- Problem statement -
Work through the data below line by line and say how many lines hold "with"; give only the number.

- Source material -
*** Block opens ***
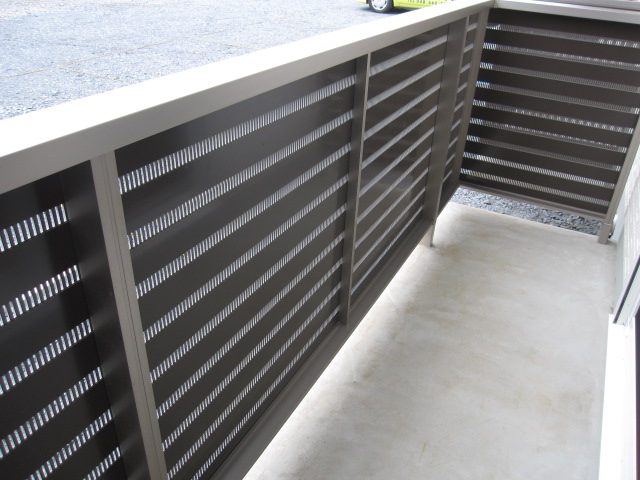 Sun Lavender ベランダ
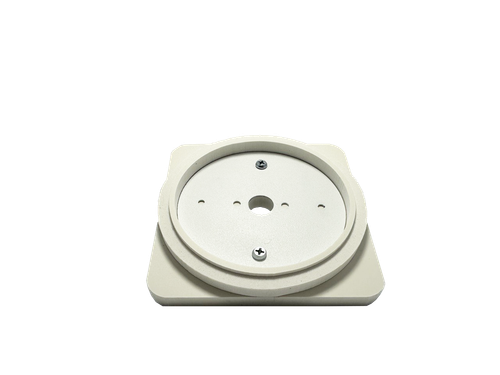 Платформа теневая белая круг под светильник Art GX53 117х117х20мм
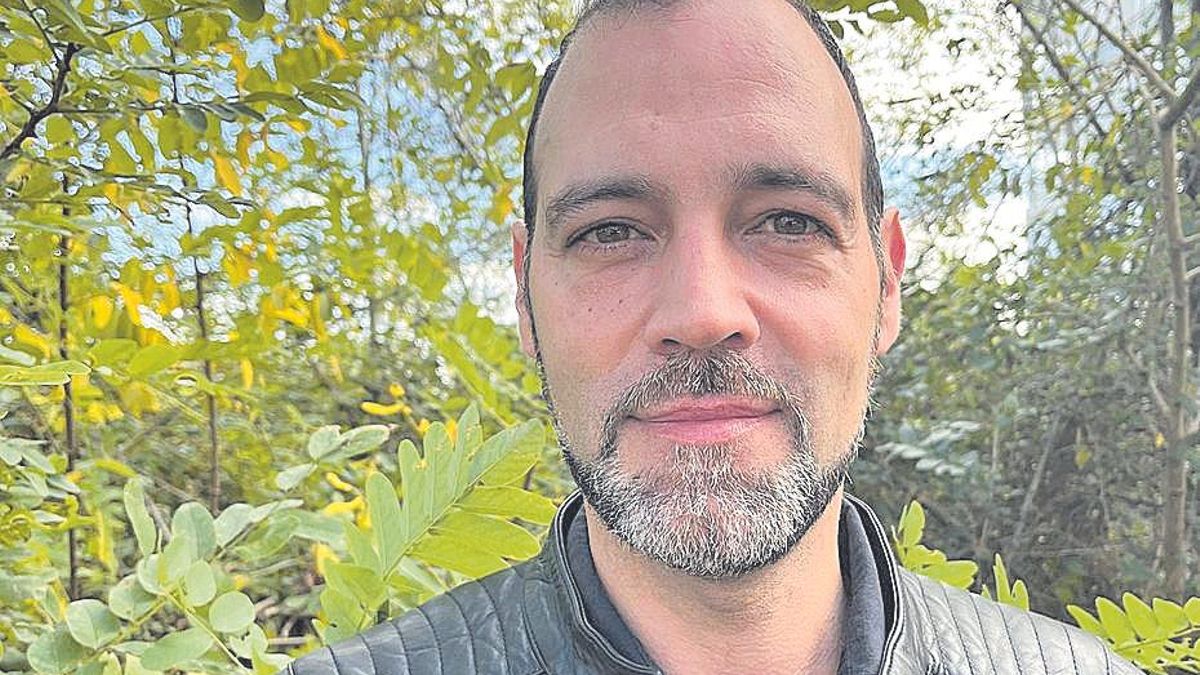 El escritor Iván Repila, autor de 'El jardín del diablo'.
*** Block closes ***
*** Block opens ***
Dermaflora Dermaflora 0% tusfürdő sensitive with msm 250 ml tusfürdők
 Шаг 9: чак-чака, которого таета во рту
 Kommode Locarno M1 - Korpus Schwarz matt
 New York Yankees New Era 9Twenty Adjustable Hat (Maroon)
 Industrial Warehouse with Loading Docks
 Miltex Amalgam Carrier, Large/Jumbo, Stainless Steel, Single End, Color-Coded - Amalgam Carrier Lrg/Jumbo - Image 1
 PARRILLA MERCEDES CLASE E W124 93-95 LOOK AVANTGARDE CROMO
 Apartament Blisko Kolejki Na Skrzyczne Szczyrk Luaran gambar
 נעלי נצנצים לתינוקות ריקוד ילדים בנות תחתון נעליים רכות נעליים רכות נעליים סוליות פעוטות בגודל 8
*** Block closes ***
- Reply to the task -
2